I have a data set that I've subset which looks like this:
Item | Code | Percentage |
---|---|---|
10000 | 123 | 0.2 |
10001 | 134 | 0.98 |
10001 | 152 | 0.02 |
10002 | 123 | 0.68 |
10003 | 123 | 1 |
10002 | 178 | 0.32 |
10004 | 189 | 1 |
I want to find a way to transpose in a way where I only retain unique values from column A, Column B is dispersed into different columns according to unique values and the Percentage populates in those values.
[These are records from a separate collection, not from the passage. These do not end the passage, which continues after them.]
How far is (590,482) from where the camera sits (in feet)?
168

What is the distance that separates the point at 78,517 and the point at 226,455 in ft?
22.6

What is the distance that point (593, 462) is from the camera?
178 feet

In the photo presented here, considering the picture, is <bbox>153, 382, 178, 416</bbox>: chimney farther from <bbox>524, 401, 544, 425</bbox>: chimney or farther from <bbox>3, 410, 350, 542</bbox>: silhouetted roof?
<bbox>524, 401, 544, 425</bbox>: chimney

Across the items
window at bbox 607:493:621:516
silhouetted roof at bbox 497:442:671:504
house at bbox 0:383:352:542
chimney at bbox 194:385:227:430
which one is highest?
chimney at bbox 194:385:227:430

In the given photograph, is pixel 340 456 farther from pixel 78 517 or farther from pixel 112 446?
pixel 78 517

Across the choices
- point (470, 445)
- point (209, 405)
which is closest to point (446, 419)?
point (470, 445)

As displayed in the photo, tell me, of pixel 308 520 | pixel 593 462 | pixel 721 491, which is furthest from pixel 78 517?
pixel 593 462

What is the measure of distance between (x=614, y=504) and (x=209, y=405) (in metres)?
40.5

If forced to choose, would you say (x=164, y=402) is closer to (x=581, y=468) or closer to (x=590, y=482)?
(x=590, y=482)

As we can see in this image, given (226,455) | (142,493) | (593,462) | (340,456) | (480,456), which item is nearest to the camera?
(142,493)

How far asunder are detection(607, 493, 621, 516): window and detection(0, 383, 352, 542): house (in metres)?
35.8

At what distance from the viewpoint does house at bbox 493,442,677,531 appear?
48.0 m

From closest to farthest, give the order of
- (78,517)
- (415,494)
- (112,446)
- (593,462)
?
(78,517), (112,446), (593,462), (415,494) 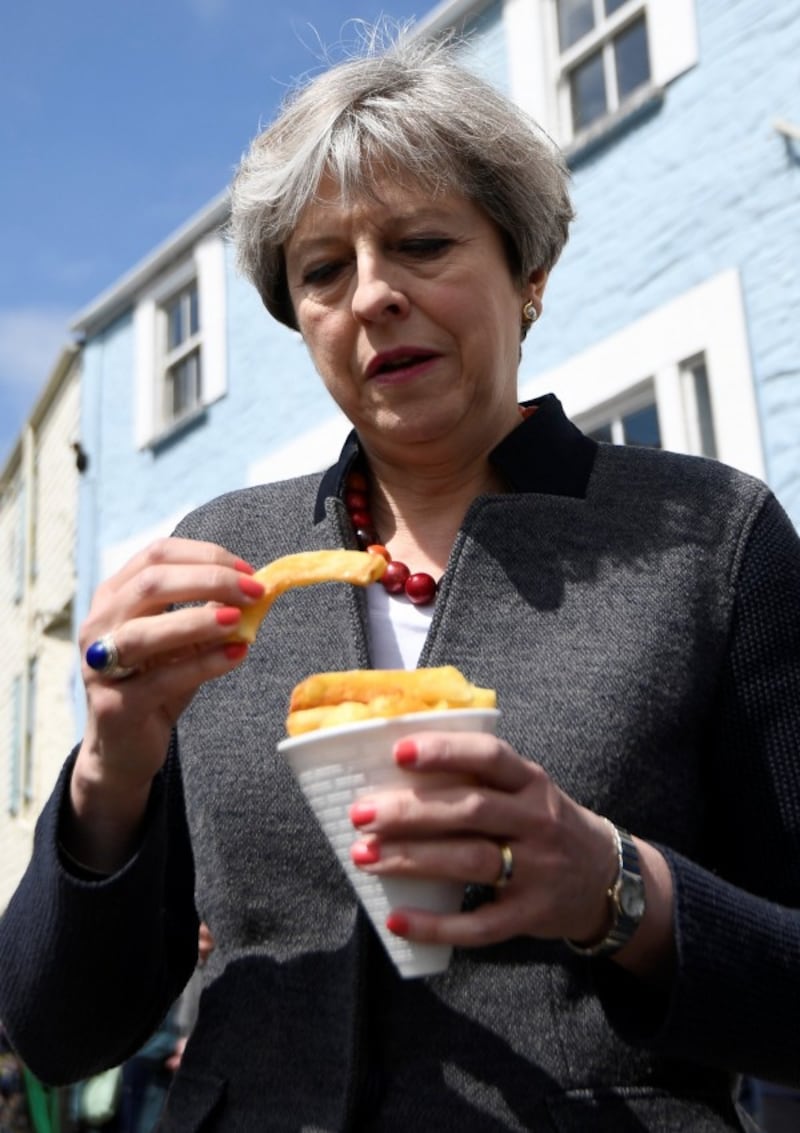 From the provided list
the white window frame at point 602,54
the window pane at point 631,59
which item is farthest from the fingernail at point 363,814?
the window pane at point 631,59

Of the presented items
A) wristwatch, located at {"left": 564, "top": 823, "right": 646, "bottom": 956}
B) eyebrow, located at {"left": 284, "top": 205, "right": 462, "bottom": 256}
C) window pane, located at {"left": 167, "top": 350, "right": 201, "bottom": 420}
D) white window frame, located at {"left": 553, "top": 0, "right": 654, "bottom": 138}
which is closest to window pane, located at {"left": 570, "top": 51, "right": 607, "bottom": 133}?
white window frame, located at {"left": 553, "top": 0, "right": 654, "bottom": 138}

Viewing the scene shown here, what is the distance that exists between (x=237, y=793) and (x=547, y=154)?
1092 millimetres

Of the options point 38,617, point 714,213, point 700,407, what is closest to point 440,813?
point 700,407

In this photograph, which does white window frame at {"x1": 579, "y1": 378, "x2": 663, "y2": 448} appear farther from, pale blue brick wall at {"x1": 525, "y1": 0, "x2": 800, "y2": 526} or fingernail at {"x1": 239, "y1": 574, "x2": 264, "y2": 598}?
fingernail at {"x1": 239, "y1": 574, "x2": 264, "y2": 598}

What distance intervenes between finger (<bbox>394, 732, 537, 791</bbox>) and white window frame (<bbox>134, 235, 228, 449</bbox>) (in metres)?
10.1

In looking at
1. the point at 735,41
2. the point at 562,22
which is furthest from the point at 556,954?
the point at 562,22

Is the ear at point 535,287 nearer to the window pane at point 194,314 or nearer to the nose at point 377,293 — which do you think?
the nose at point 377,293

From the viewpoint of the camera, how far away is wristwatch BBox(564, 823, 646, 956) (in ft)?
4.14

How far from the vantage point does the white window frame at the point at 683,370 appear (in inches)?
254

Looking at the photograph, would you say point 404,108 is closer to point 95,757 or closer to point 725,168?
point 95,757

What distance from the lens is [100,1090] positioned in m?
6.74

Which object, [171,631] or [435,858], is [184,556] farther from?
[435,858]

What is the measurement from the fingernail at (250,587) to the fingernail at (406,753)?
→ 1.02 ft

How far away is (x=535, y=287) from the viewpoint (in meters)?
2.07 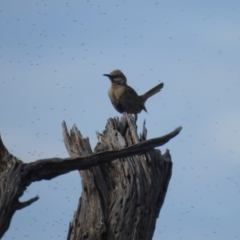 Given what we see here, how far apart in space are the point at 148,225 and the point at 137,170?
59 centimetres

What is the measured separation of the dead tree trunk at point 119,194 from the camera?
9906 millimetres

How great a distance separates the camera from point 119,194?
32.9ft

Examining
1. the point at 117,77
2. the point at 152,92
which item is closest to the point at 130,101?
the point at 117,77

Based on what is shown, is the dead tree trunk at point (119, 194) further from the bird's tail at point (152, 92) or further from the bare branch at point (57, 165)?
the bird's tail at point (152, 92)

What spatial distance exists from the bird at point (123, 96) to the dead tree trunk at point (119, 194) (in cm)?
431

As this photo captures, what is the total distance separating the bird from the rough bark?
4.04m

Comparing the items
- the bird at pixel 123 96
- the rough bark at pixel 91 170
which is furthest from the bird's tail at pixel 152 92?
the rough bark at pixel 91 170

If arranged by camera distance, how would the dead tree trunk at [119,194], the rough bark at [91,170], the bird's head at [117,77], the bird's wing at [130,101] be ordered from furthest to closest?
the bird's head at [117,77] < the bird's wing at [130,101] < the dead tree trunk at [119,194] < the rough bark at [91,170]

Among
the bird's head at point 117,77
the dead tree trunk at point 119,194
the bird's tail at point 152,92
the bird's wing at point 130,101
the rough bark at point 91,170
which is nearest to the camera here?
the rough bark at point 91,170

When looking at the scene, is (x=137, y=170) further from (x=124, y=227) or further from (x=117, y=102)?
(x=117, y=102)

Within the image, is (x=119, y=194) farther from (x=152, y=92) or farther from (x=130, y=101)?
(x=152, y=92)

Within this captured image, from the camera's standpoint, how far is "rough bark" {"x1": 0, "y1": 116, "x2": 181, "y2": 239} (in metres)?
7.50

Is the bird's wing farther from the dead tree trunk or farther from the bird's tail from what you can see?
the dead tree trunk

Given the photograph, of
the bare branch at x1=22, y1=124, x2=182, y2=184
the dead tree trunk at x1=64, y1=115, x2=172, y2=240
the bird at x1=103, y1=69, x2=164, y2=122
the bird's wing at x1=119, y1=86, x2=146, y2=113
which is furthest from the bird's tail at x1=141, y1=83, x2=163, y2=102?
the bare branch at x1=22, y1=124, x2=182, y2=184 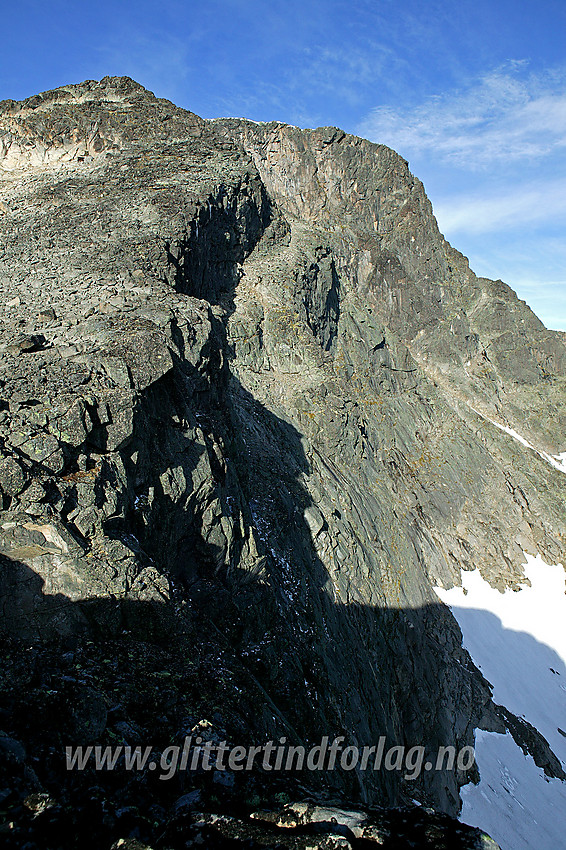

Please see the example of the data I'm looking to finalize with:
Item | 123 | 134 | 152 | 178 | 189 |
---|---|---|---|---|---|
10000 | 0.2 | 0 | 0 | 0 | 0 |
10001 | 0 | 0.98 | 0.02 | 0 | 0 |
10002 | 0.68 | 0 | 0 | 0.3 | 0 |
10003 | 1 | 0 | 0 | 0 | 0 |
10004 | 0 | 0 | 0 | 0 | 1 |
I am currently using a format the follows this "skeleton":
df <-df %>%
group_by(Item) %>%
mutate(n = row_number()) %>%
spread(Code, Percentage)
Following this structure I still get values in Column A repeating (not unique). I did load library(plyr) library(dplyr) library(tidyr) in that order. Reason why I mentioned is I read somewhere if you switch the order it works, but ended up messing up the results.
If you need more information please let me know. Thank you!